Someone said this gets complicated and it does. schmakenzie if you quote laws as to who is violating what then you must read all the laws in total and know the complete story. The law you site specifically exempts acts of hunting and agriculture. Now I know cats are not hunted, so we'll skip over that part. Right to Farm laws in WI are another matter and they apply, giving any farmer the right to kill any animal causing damage on his property. In some cases a permit is required and usually freely given like in the case of wolves, cougars, deer, turkey and yes feral cats and dogs etc.
Domestic animals are considered personal property and may not be harmed however, the owner is financially responsible for any damage they cause.
Feral- means there is no owner- so back to feral cats- there is no law that prevents anyone from capturing one, it then becomes their property and you may dispose of your property.
Yes I suppose if an owner missed..? Well rest assured I have never missed, this is all done at very close range.
And now to throw some really cold water all your legal arguments concerning me;
I have a permit. You see mrs elk and I do sanctioned animal rescue, sometimes the county even pays us. As anyone who does this community service knows there is a lot personal pain involved when there are too many unwanted animals.
Have you ever seen, in action the gas chambers used by humane societies to kill unwanted pets?
Our process is much more humane than that.
later,
charlie

+2 Good Comment? | | Report
from JM wrote 1 year 10 weeks ago

@schmakenzie,
I didn't use the internet. I asked my neighbor and talked to the current game warden in our area over the phone. My neighbor is a retired game warden(he was a game warden for more than 30 years and dealt with cases regarding feral cats multiple times). The current game warden I contacted over the phone also stated that it was legal given the circumstances I described. I find them more trustworthy than what you are finding on the internet(then again, everything you read on the internet is 100% factual right?) and pasting verbatim onto this website.
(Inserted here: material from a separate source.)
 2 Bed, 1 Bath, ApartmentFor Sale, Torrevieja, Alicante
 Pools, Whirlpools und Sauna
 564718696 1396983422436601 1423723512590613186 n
+1 Good Comment? | | Report
from pjmdy wrote 1 year 10 weeks ago

I have long advocated that if dogs in Ohio need licensed and controlled by leash laws (i.e. not permitted to roam freely), then the same should apply to domestic cats. Control is necessary. Also, domestic cats have been shown to be the top killers in the cat kingdom, because they don't just hunt for food, they just kill for the "fun" of it. This was per another nature study I read about several months back. Cats also seem more liable to rabies than dogs, so all things considered, spay, neuter and keep under control.
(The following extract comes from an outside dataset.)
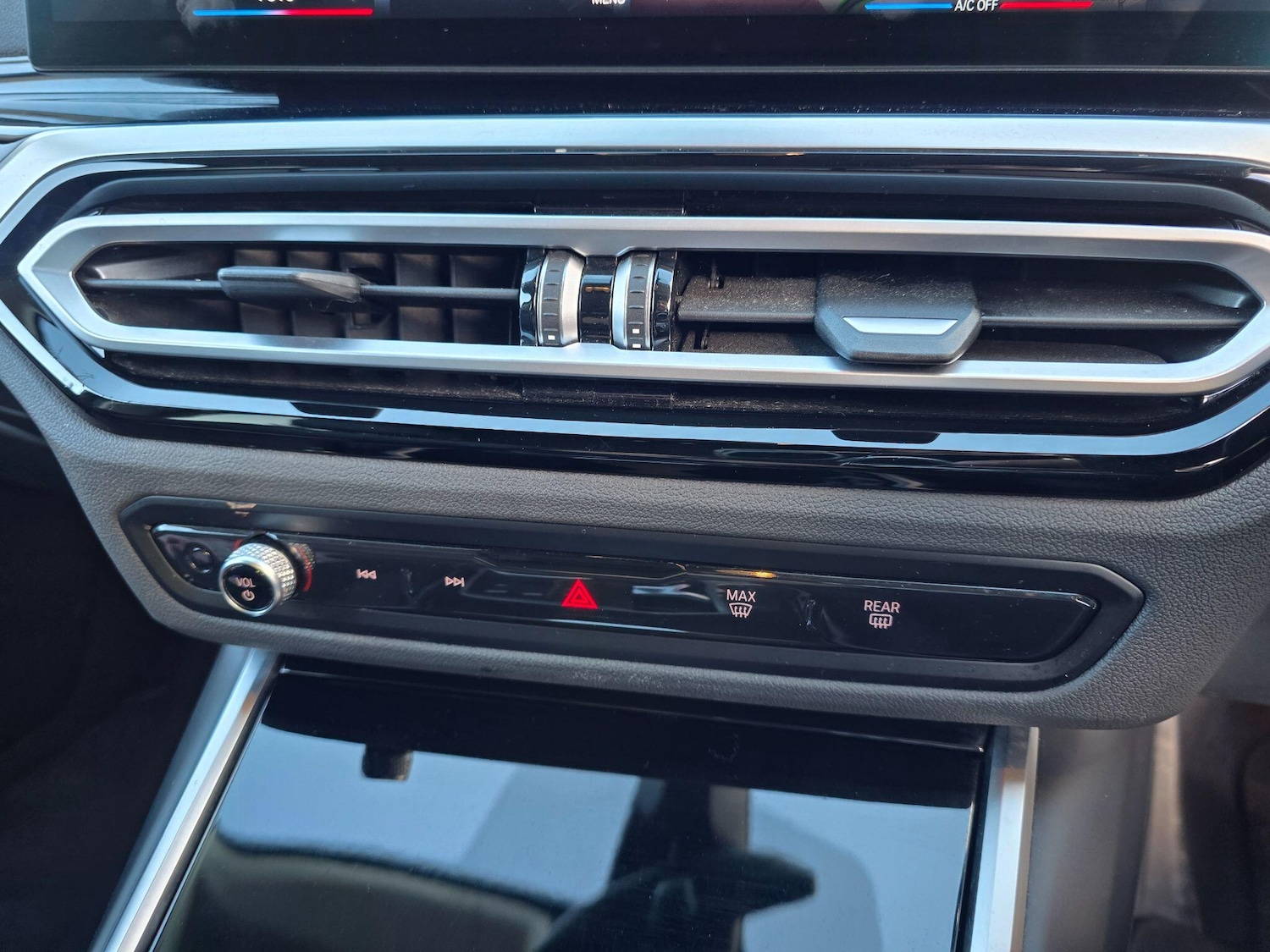 Used BMW 3 Series 2024 for sale - 77098192: Photo 29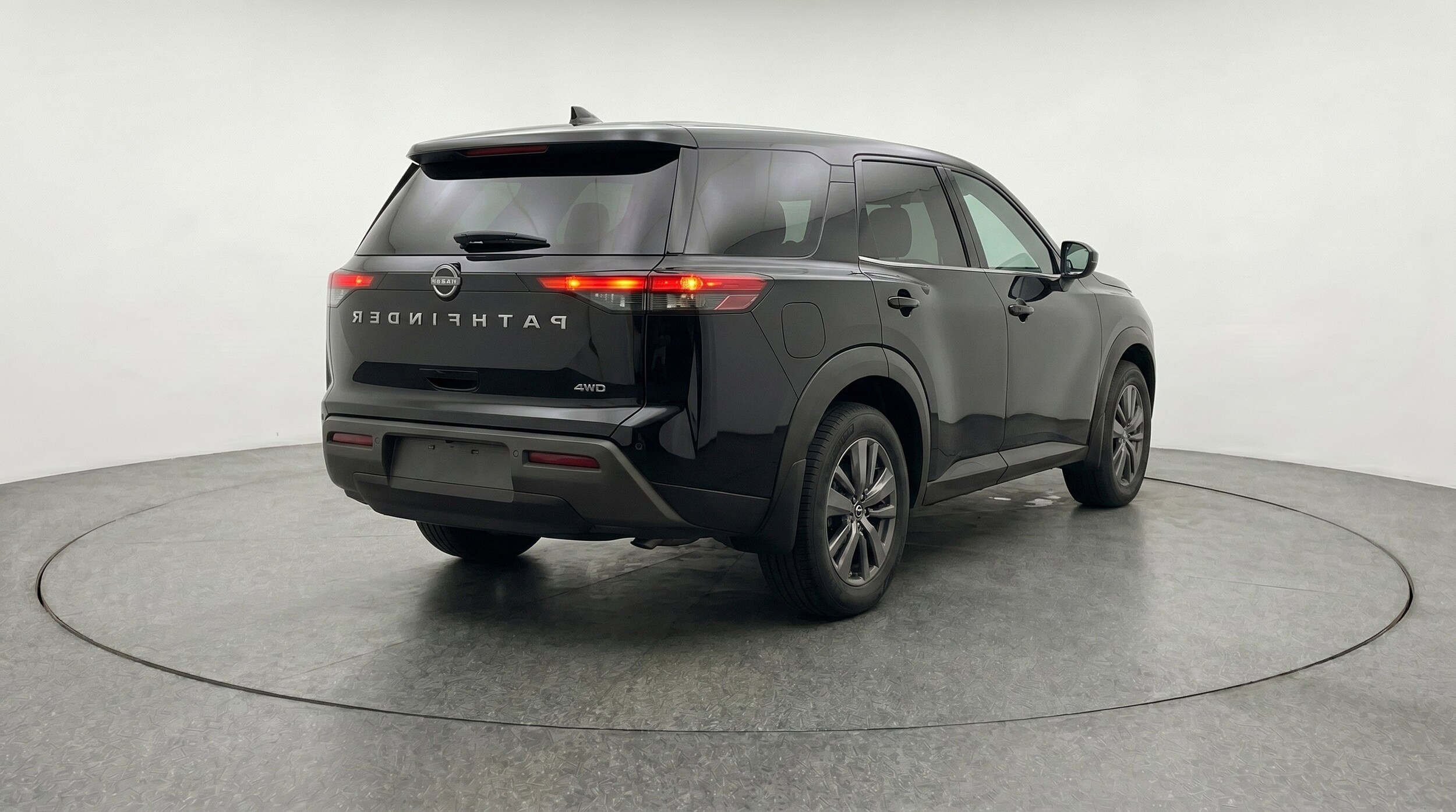 Thumbnail: 2025 Nissan Pathfinder - 9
+2 Good Comment? | | Report
from schmakenzie wrote 1 year 10 weeks ago

JM,

"-A feral cat on his property can be treated just like a pet he would keep in his house(legally). This means that he can kill them legally(just like your own animal), the only rule being that you kill them without causing too much pain...technically if you miss and cause harm to the animal it becomes illegal." You are completely wrong. I presented the parts of the law below for your reading. Would you like to talk with the Wisconsin DNR or Wisconsin animal control? They could fill you in further. You can not kill cats in wisconsin legally. Cut and paste your proof that you can. We would all like to see the facts and not just opinions. I pasted laws and facts off of websites. Please do the same.

0 Good Comment? | | Report
from JM wrote 1 year 10 weeks ago

@schmakenzie,
-I understand what the laws you are posting state, but you must realize that there are MANY exceptions to them.
-A feral cat on his property can be treated just like a pet he would keep in his house(legally). This means that he can kill them legally(just like your own animal), the only rule being that you kill them without causing too much pain...technically if you miss and cause harm to the animal it becomes illegal.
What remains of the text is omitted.